Adelantándose al debate contra el municipalismo que supondrá el Proyecto de Ley de reforma de la administración local promovido por el Gobierno Central, extiende  una cortina de humo para lanzar el mensaje fácil de que “sobran” redes y estructuras “políticas” para justificar posteriormente que sobre la “política”. En definitiva, el PP quiere volver la tradición, ala mala tradición, en un Estado como el nuestro que ha relegado a los Ayuntamientos desde siempre a meros gestores de las políticas centrales, a excepción del periodo de la II República y del camino marcado, con mayor o menor fortuna, desde la constitución de los Ayuntamientos democráticos en 1979.

El asociacionismo municipal cumple una función de fortalecimiento institucional principalmente para aquellas entidades locales menos poderosas, para quienes es importante nutrirse de una Federación de municipios que le ofrezca asesoramiento técnico, propuesta de buenas prácticas de gestión, formación y defensa institucional ante otras administraciones. En Andalucía, el  mapa municipal lo componen en un 89,50% municipios de menos de 20.000 habitantes, lo que hace más relevante la necesidad para los mismos de asociarse para ser más fuertes.

El hecho de que una Federación de Municipios como la FAMP necesite mejorar en su funcionamiento, refrescar sus procedimientos y forma de de actuar- más aún ahora con la amenaza del gobierno central a la democracia local- no puede ser una excusa para descalificar un modelo que, aun necesitando mejorar, sigue vigente: el de la defensa de los gobiernos municipales y el  fortalecimiento de su interlocución ante otras administraciones más poderosas.

El PP, además de su deslealtad institucional, comete un acto de gran contradicción que define sus objetivos en Andalucía: se sale de la FAMP porque no le salen las cuentas para dirigirla, pero no solo se mantiene sino que gobierna la Federación Española de Municipio y Provincias ¿La FEMP sí sirve porque la gobierna el PP y la FAMP no sirve porque no puede acceder a su presidencia? El oportunismo y cortoplacismo partidista es evidente.

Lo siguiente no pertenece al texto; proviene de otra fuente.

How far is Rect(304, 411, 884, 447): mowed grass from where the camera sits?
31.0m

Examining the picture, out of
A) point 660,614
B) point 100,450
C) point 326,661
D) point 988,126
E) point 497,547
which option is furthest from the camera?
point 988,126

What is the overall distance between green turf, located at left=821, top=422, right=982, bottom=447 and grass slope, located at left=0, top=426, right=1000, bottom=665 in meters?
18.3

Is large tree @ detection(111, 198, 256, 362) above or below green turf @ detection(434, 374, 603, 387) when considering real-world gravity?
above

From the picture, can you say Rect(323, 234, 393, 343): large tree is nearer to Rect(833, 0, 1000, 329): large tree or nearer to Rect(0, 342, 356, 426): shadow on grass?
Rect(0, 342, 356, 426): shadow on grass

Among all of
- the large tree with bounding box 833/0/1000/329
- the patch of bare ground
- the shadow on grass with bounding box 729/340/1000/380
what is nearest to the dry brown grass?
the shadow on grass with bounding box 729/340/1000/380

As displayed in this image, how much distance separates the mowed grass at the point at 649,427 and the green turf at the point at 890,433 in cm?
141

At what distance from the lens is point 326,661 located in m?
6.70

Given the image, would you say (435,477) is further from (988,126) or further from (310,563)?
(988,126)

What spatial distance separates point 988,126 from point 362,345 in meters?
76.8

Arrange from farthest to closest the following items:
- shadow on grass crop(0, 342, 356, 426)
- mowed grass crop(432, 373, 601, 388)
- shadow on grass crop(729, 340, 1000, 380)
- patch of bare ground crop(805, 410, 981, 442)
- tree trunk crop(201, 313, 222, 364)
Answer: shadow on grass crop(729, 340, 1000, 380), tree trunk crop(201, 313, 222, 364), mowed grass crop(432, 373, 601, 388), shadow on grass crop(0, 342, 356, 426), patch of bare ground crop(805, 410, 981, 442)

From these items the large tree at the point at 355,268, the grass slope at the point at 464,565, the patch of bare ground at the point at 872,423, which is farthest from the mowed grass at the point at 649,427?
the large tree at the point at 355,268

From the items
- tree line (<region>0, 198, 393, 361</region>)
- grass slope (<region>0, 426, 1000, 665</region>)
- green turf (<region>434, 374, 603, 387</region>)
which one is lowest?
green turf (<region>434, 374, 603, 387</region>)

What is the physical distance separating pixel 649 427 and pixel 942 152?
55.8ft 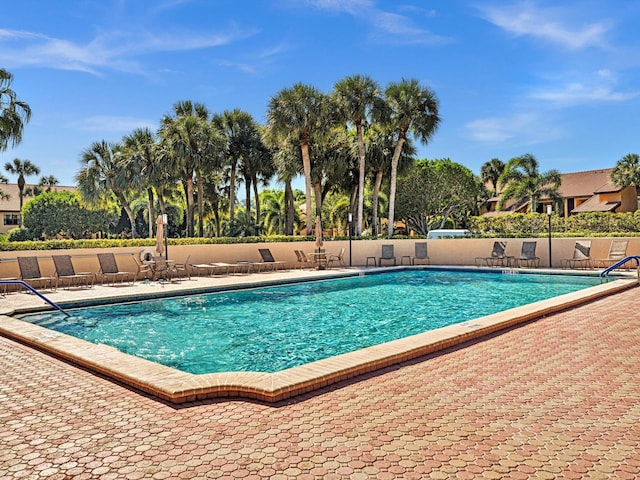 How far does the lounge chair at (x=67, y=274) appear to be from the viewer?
45.2 feet

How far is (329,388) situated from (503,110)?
25.5m

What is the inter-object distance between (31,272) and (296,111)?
14.3 metres

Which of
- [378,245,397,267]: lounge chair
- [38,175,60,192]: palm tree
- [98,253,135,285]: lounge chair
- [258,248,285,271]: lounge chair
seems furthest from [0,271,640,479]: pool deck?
[38,175,60,192]: palm tree

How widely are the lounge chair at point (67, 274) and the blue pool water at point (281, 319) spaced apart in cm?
315

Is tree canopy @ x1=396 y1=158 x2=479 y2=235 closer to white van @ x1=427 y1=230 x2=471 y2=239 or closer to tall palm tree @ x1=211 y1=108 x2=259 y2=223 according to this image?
white van @ x1=427 y1=230 x2=471 y2=239

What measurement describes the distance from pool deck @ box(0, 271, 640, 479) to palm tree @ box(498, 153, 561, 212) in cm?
3753

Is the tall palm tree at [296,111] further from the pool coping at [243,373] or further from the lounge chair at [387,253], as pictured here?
the pool coping at [243,373]

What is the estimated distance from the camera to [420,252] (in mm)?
22250

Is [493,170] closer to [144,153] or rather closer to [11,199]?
[144,153]

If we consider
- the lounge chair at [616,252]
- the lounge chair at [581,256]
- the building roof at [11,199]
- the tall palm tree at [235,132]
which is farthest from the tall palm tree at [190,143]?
the building roof at [11,199]

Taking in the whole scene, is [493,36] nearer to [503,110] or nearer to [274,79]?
[503,110]

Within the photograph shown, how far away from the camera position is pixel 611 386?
489 cm

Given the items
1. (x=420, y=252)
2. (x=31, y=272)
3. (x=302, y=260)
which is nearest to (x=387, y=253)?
(x=420, y=252)

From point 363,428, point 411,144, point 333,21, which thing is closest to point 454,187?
point 411,144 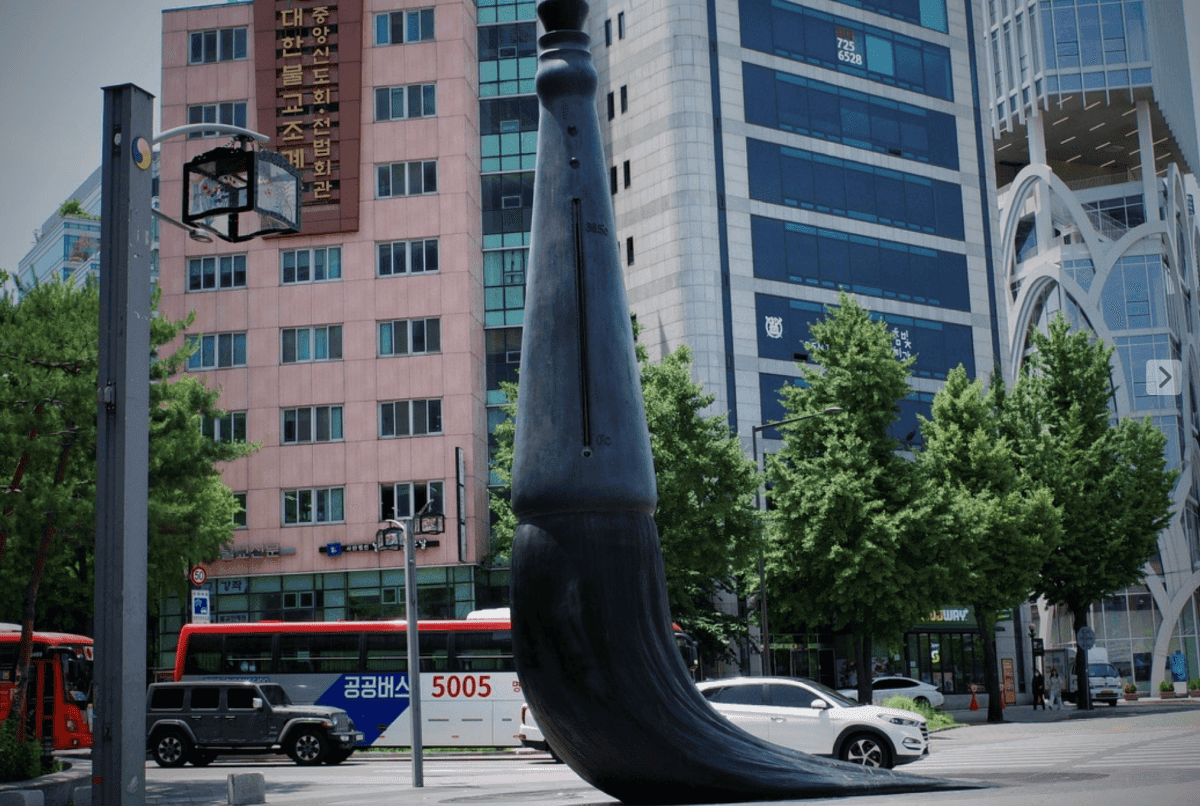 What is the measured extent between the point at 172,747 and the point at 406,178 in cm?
2689

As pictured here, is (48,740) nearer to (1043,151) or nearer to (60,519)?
(60,519)

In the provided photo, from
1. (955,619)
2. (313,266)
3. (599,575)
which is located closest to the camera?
(599,575)

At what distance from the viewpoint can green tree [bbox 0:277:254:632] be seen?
23.4m

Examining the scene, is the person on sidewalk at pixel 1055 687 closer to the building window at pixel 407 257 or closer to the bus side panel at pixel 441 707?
the bus side panel at pixel 441 707

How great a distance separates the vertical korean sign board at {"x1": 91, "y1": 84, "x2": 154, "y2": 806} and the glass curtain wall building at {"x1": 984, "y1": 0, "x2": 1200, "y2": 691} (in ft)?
214

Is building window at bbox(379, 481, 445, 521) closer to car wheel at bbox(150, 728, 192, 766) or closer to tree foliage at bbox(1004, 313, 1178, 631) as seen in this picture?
car wheel at bbox(150, 728, 192, 766)

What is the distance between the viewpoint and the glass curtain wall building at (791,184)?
2003 inches

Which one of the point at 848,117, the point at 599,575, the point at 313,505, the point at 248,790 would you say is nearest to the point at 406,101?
the point at 313,505

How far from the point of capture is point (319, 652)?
3170cm

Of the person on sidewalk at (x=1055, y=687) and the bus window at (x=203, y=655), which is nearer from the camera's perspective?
the bus window at (x=203, y=655)

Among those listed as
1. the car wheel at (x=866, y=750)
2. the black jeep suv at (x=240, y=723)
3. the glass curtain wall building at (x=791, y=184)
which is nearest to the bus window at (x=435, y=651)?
the black jeep suv at (x=240, y=723)

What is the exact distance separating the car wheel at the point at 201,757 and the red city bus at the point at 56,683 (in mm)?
5728

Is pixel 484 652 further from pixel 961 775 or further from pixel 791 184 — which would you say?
pixel 791 184

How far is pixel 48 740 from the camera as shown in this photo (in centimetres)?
2222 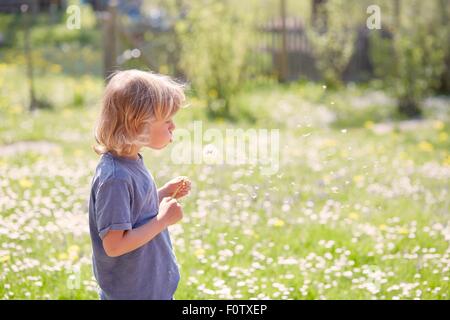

Izquierda Unida defiende una revisión del funcionamiento de la FAMP para que sea plural, autónoma y ágil en su toma de decisiones, que sirva de interlocutor con la administración autonómica y encauce las sinérgicas del municipalismo desde el respeto a la diversidad ideológica de las fuerzas políticas de quienes la forman.

Izquierda Unida muestra su compromiso con los municipios y con los gobiernos locales, los más cercanos a la ciudadanía, y rechaza el inicio de una descalificación de la gobernanza local por el Partido Popular para abrir paso al discurso que refleja el denominado  Anteproyecto de Ley para la racionalización y sostenibilidad financiera de la administración local, un ataque en toda regla a los municipios, a la democracia en los pueblos y a los servicios que estos prestan a los ciudadanos.